» EXERCISE DATA:
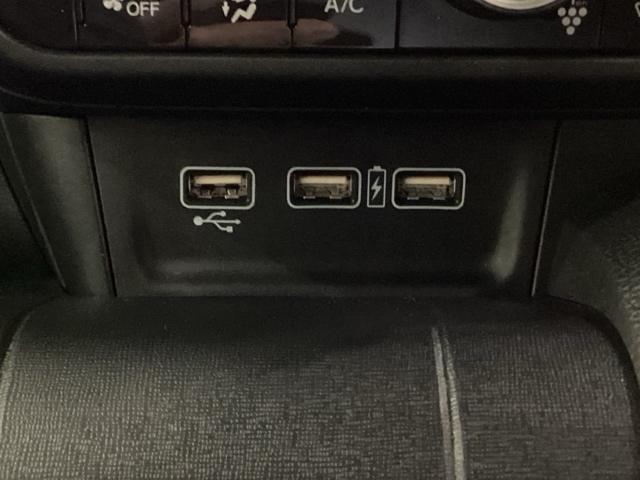 Ｎ－ＷＧＮカスタム Ｌ・ターボ　純正メモリーナビ　純正アルミホイール　ドライブレコーダー　シートヒーター　ホンダセンシング　クルーズコントロール　衝突軽減ブレーキ　横滑り防止　障害物センサー　バックカメラ　ＬＥＤヘッドライト（13枚目）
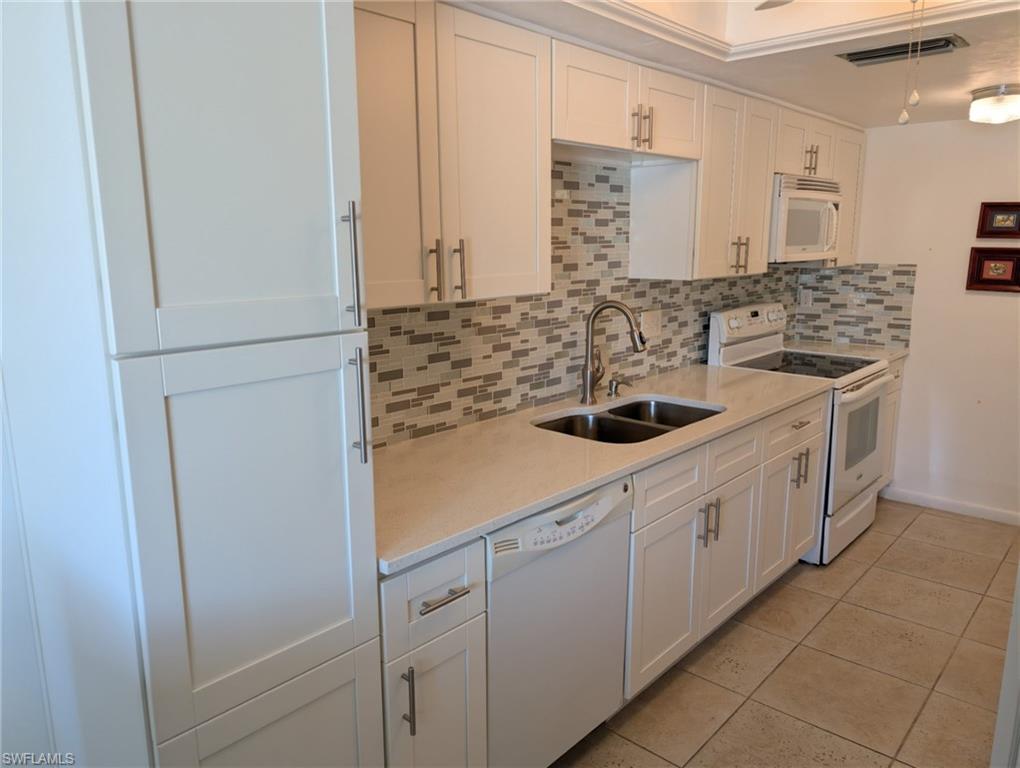 DANAH COURT CONDO - Residential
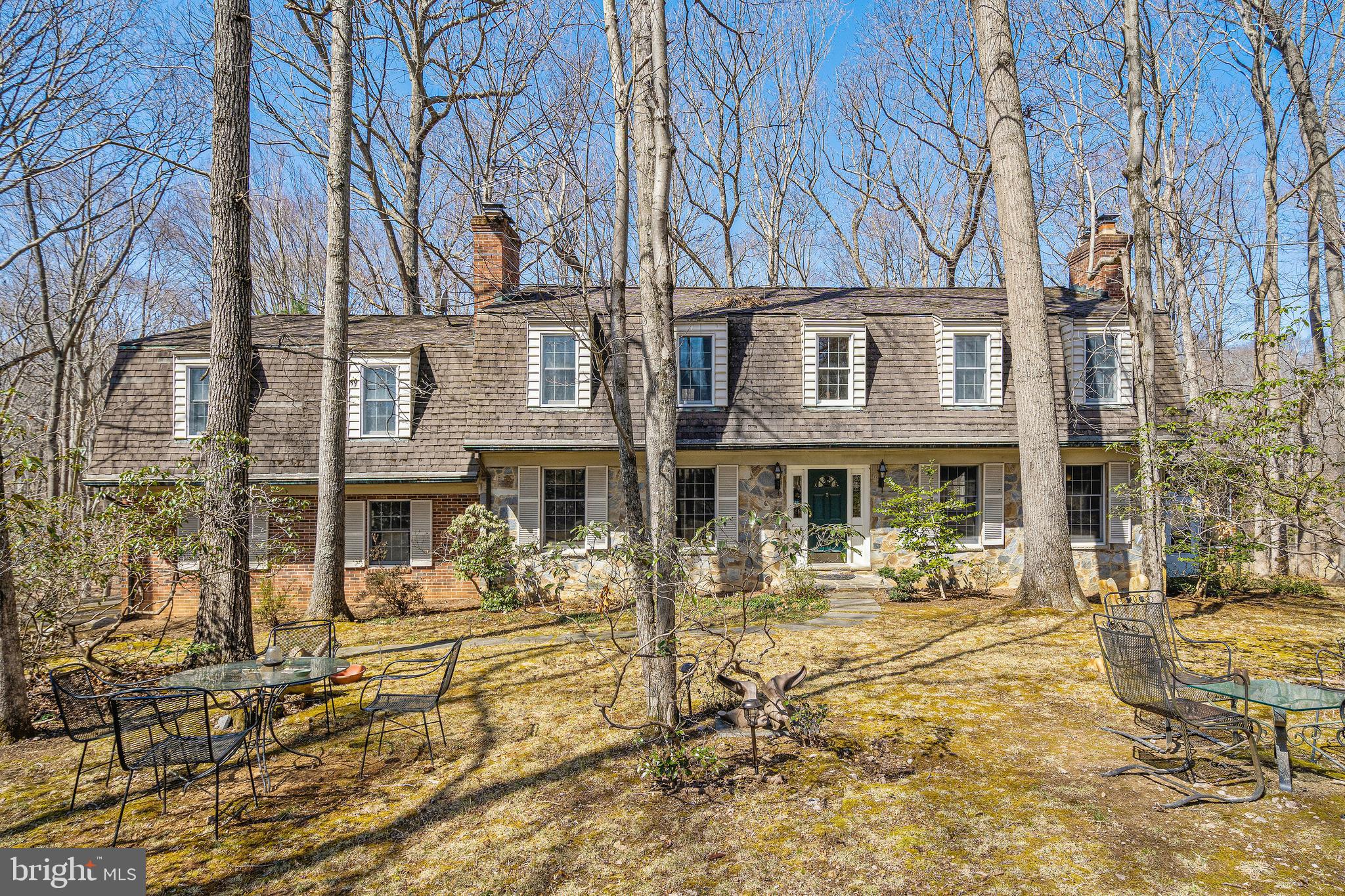 13230 Compton Road Clifton, VA 20124 - Photo 8 of 78 Gallery Image 8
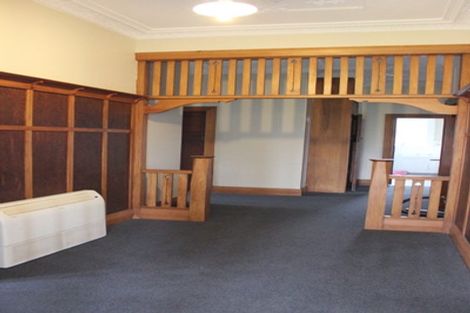 Photo of property in 115 Elgin Road, Maryhill, Dunedin, 9011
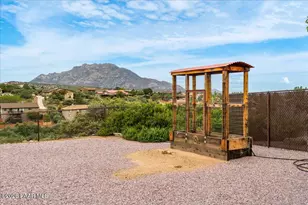 1093 Fawn Ln, Prescott, AZ 86305 - Photo 39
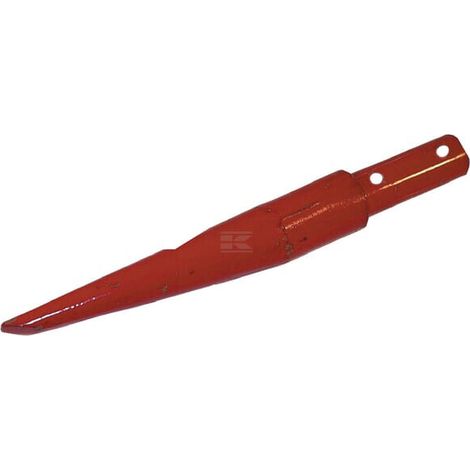 U-Dorn NIEMEYER 026211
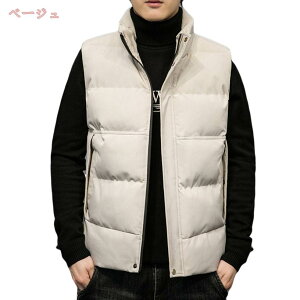 777~OFFN[| _ExXg Y h   h h ƕ ƒ hxXg ~p g  n X^CbVȃfUC 傫TCY d vCx[g o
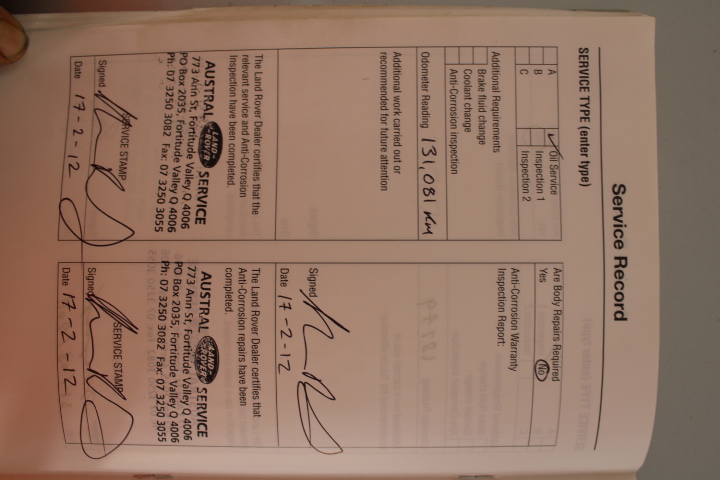 McGuigan The Borders Tempranillo 2019 (6x 750mL) SEA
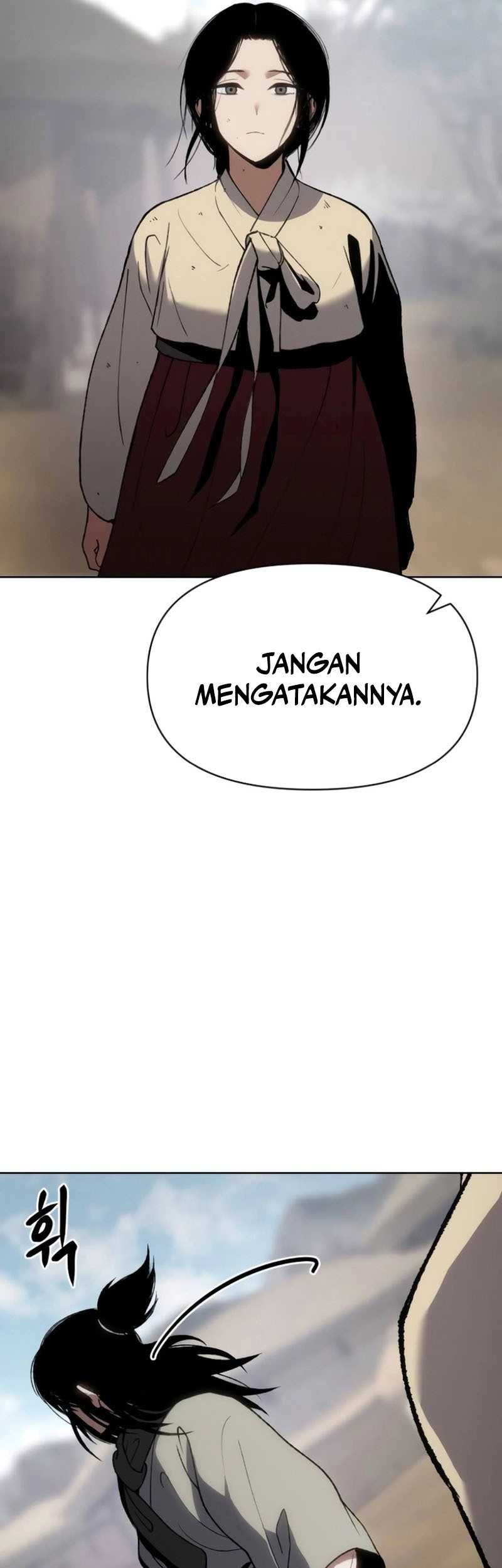Informer Chapter 19 Gambar 22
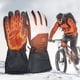 thumbnail image 2 of Guantes Snowboard Eléctricos Calentados Multifunción A Prueba para Hombres Y Mujeres, 2 of 9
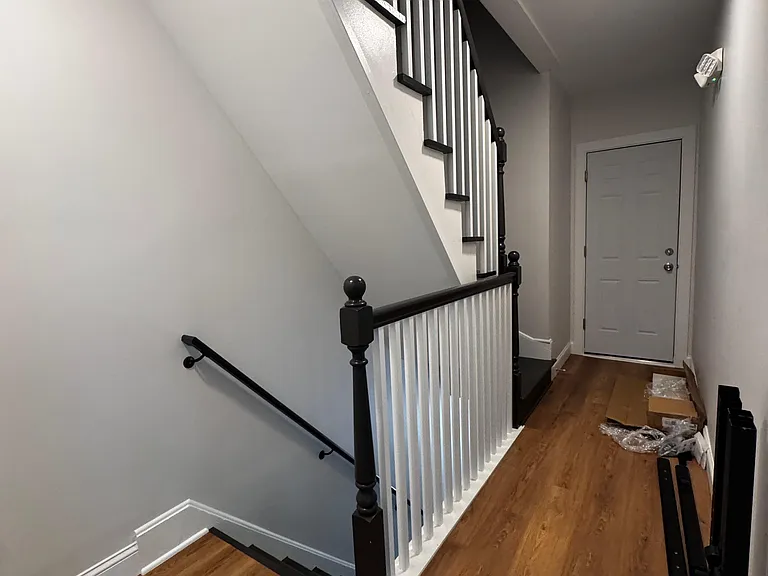 396 Chestnut St #2 — Photo 7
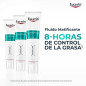 Eucerin Dermo Pure Gel Matificante
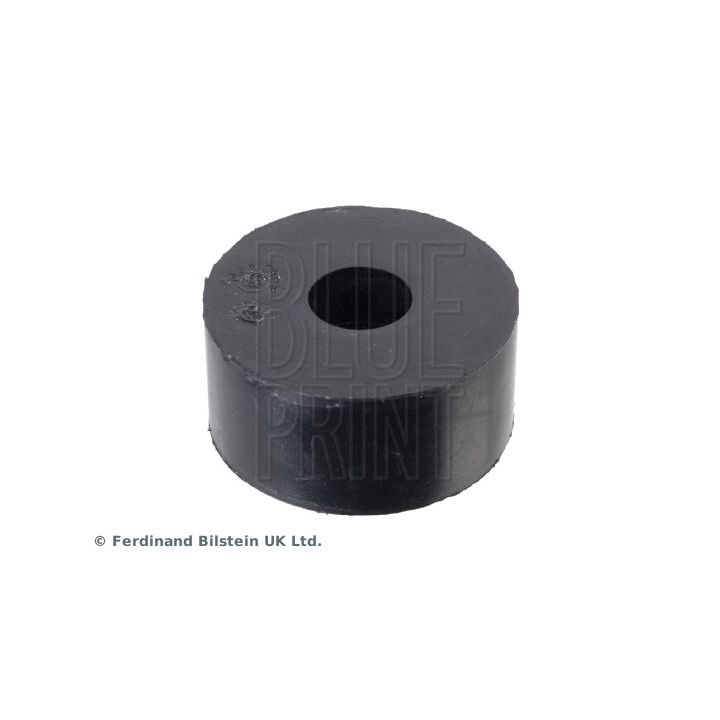 įvorė, amortizatorius BLUE PRINT ADZ98027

» WORK TO BE COMPLETED: Repeat each line of the listing word for word, from the first through the line that contains "Photo of property". Any picture stays out.

» TASK OUTPUT:
 Ｎ－ＷＧＮカスタム Ｌ・ターボ　純正メモリーナビ　純正アルミホイール　ドライブレコーダー　シートヒーター　ホンダセンシング　クルーズコントロール　衝突軽減ブレーキ　横滑り防止　障害物センサー　バックカメラ　ＬＥＤヘッドライト（13枚目）
 DANAH COURT CONDO - Residential
 13230 Compton Road Clifton, VA 20124 - Photo 8 of 78 Gallery Image 8
 Photo of property in 115 Elgin Road, Maryhill, Dunedin, 9011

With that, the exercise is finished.